Sobre as características dessa literatura é possível observar, entre outros aspectos:   um conjunto de vozes de autores/as indígenas; os autores/as procuram testemunhar a sua vivência e transmitir “de memória” as histórias contadas pelos parentes mais velhos, embora muitas vezes se sintam estranhos na própria terra; um estranho aos olhos dos não indígenas.

2) Na sua opinião, a literatura indígena vem ocupando o seu espaço de direito na sociedade ou ainda está na invisibilidade?
Aos poucos, a literatura indígena está saindo da invisibilidade, mas é notório o preconceito que existe em torno da poesia e da narrativa dos povos originários; basta folhear os chamados manuais literários que circulam no meio acadêmico, onde sequer os/as autores/as indígenas são mencionados/as. Porém, um dos caminhos para quebrar essa invisibilidade é a divulgação; seja de boca em boca na aldeia ou na cidade grande; é importante divulgar essa literatura por meio de redes sociais, em eventos literários, em rodas de conversa e em seminários, de maneira que os leitores tenham a oportunidade de conhecer mais de perto a nossa história de resistência.

3) Ainda nos deparamos com livros que não tratam da verdadeira história dos povos indígenas. Que autores indígenas contemporâneos podem contribuir, por meio de suas obras, para o estudante indígena repensar a história do seu povo?
Entre os/as autores/as que em suas reflexões discutem o papel do indígena hoje, cabe sublinhar o nome de Ailton Krenak, Bruno Kaingang, Edson Kayapó, Álvaro Tukano, Gersem Baniwa, Daniel Munduruku, Darlene Taukane, Naine Terena, Márcia Kambeba e Rita Gomes do Nasimento entre outros que fazem parte do grande número de pensadores/as, escritores/as e lideranças indígenas que trabalham em prol do reconhecimento dos saberes dos povos originários. Para saber mais, está disponível na Internet a obra coletiva "Educação em rede: culturas indígenas, diversidade e educação", Vol. 7, que o Sesc publicou em 2019.

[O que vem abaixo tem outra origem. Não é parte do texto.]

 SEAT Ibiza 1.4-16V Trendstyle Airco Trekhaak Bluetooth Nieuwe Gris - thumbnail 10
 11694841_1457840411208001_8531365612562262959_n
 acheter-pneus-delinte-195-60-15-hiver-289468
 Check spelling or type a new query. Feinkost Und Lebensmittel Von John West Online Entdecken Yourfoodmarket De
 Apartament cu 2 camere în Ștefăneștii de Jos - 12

4) O que devemos ensinar na Educação Infantil, na área da literatura, tendo em vista que essa modalidade de ensino é considerada o primeiro pilar para as crianças tomarem gosto pela leitura?
Atualmente, as livrarias vêm alimentando suas prateleiras com livros de autoria indígena, em geral livros destinados ao chamado público infantil; o que, de certa forma, cria o rótulo de que os autores e as autores indígenas escrevem apenas para esse público; o que não é verdade.  Ocorre que o mercado editorial vê na temática indígena um gancho para alimentar também as narrativas de autores não indígenas e que geralmente tratam o indígena como um simples elemento de uma paisagem romantizada e sem protagonismo. Um agravante é o pouco ou quase nenhum investimento do Estado em obras de autoria indígena; contribuindo assim, para que a sociedade dominante continue vendo no indígena mais um elemento do folclore. No meu entender, o que deve ser considerado como pilar na educação escolar indígena é o que herdamos dos nossos ancestrais; dos nossos pais, avós e lideranças; pois é levando na alma esses saberes que tornamos a Escola Indígena e nós mesmo, mais fortes.

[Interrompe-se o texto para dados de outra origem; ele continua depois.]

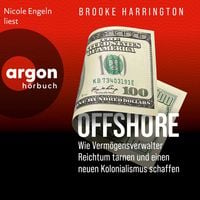 Produktbild: Offshore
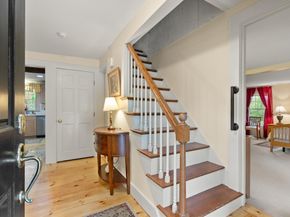 32-34 Boston Rd, Chelmsford MA 01824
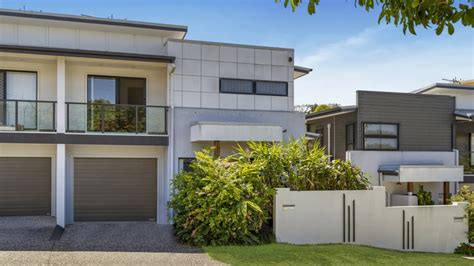 Lauder Street Mount Gravatt East Queensland Youtube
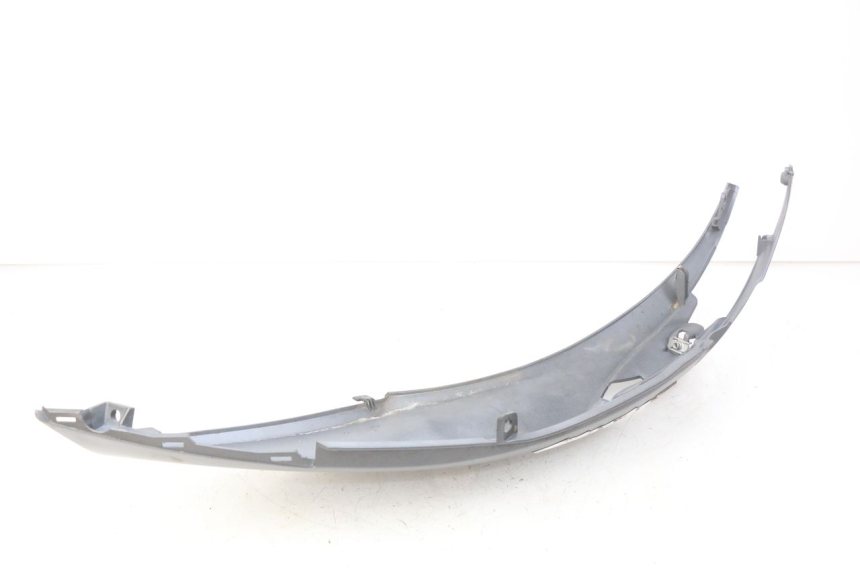 photo de LEWY TYLNY BOK PIAGGIO LIBERTY IGET 4T 50 (2015 - 2020) - Zbliżenie techniczne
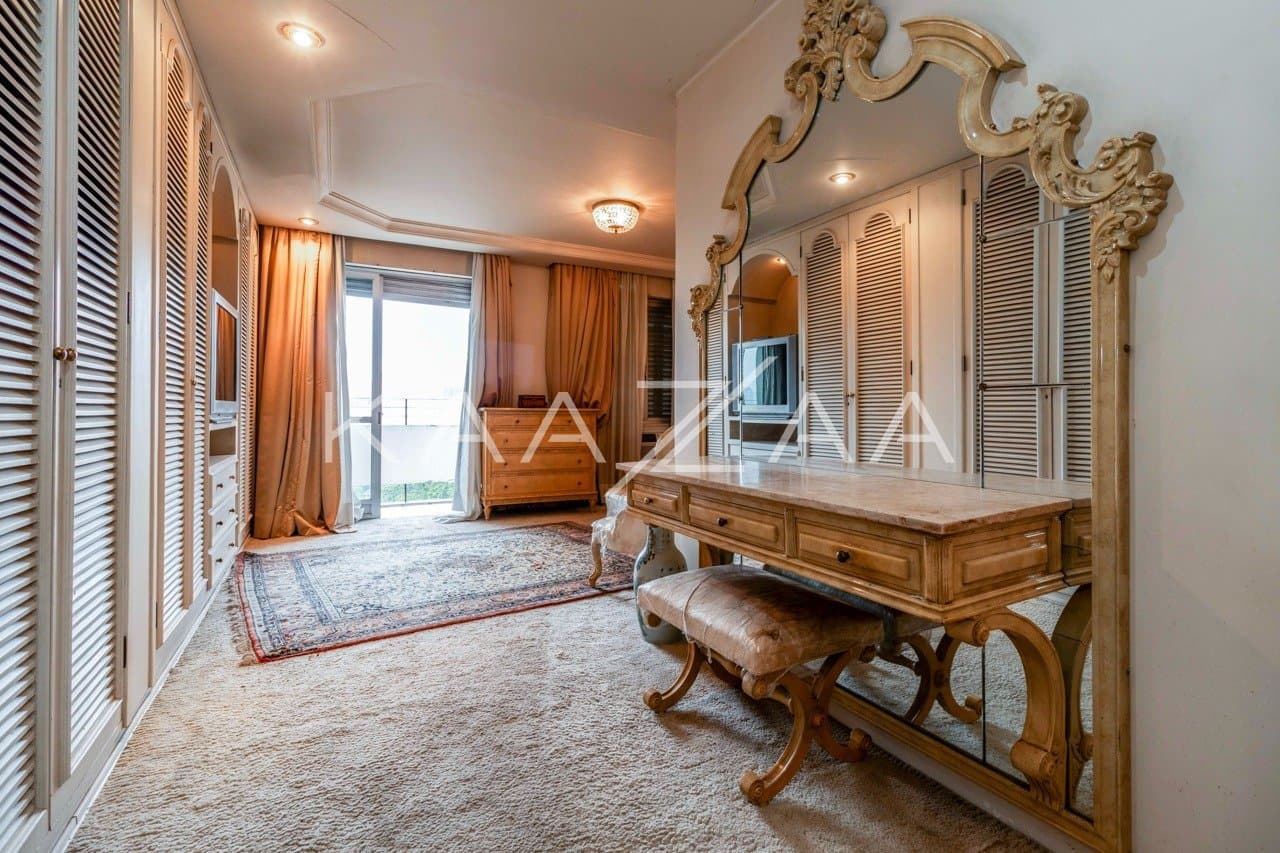 Apartamento no Jardim Paulistano - Foto 8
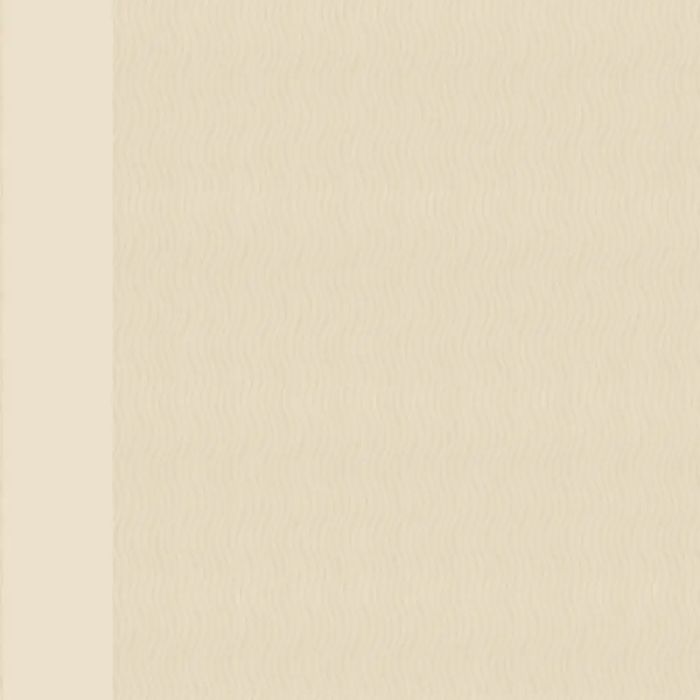 Completo Lenzuola Baia – Puro Cotone Oeko-Tex | Gabel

5) Qual a diferença entre as histórias de tradição oral indígena e as histórias de “trancoso”?
O termo “trancoso” tem origem europeia, mais precisamente em Portugal, onde viveu Gonçalo Fernandes Trancoso: um contista do século XVI. Essa observação nos autoriza a dizer que as narrativas indígenas têm vida própria, isto é, não devem ser incluídas no gênero “contos de trancoso”; considerando o fato de que a literatura indígena, a começar por sua tradição oral, existe antes da invasão dos colonizadores no Brasil. Outro aspecto a ser levado em consideração é que, há muito, a expressão “história de trancoso” significa “história de mentira, irreal”. De tal forma, esta definição não pode retratar a memória dos povos originários que, em suas narrativas, traduzem com elementos simbólicos ou concretos o que é real em seu conhecimento ancestral.

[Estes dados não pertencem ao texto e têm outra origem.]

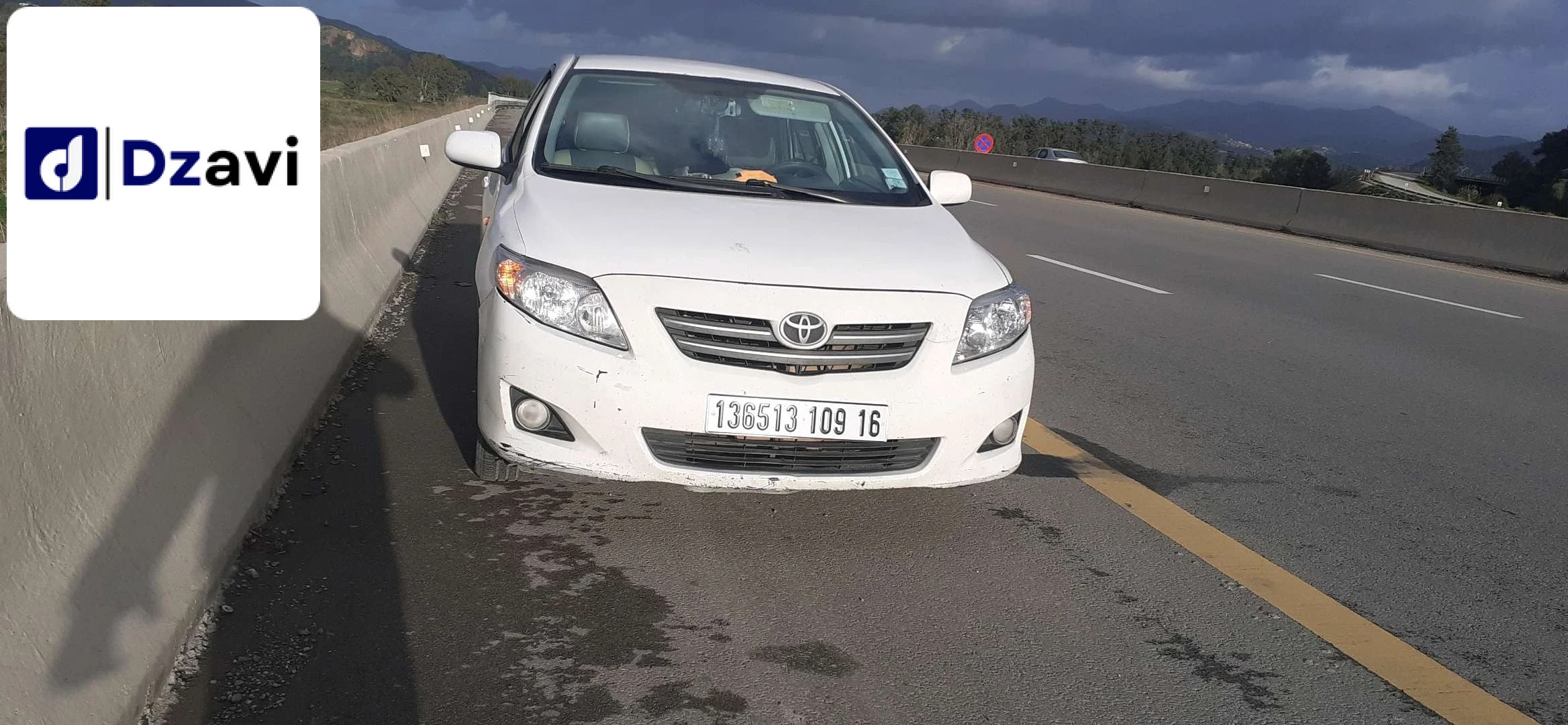 RENAULT CLIO II
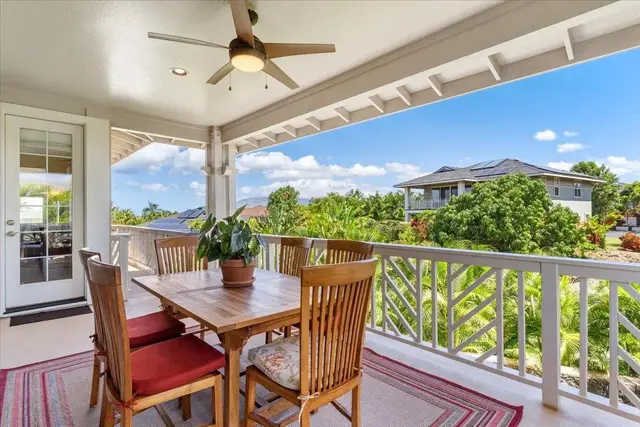 Listing Image for 99 Laukahi St 14 of 50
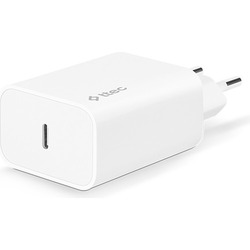 Ttec Orijinal Smartcharger Pd 30W Usb-C Seyahat Hızlı Şarj Aleti, 2 Yıl Garantili - 2SCS26B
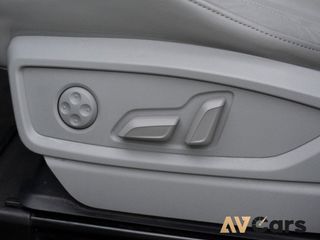 Audi Q5 Sportback Black Line 40 TDI 204cv 2021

6) No Ensino Médio, a maioria dos jovens alunos não se interessa muito por literatura. Como reverter esse quadro e tornar a aula mais atrativa?
Recordo, aqui, o pensamento do indigenista Bartomeu Meliá: um estudioso da cultura e da história indígena. Ele costumava dizer que “a ação pedagógica para a alteridade não é uma descoberta feita pela sociedade ocidental [...] para oferecer aos povos indígenas, muito pelo contrário: é o que os povos indígenas ainda podem oferecer à sociedade nacional” (Cf. Graúna, em: Contrapontos da literatura indígena contemporânea no Brasil, 2013, p. 93). Creio que, se os jovens (indígenas ou não indígenas) tiverem oportunidade de ler textos com os quais se identifiquem; se entenderem o que significa uma relação de interação e dependência com outro; se tiverem a chance de expor sua visão de mundo em casa ou na sala de aula, certamente passarão a gostar de literatura.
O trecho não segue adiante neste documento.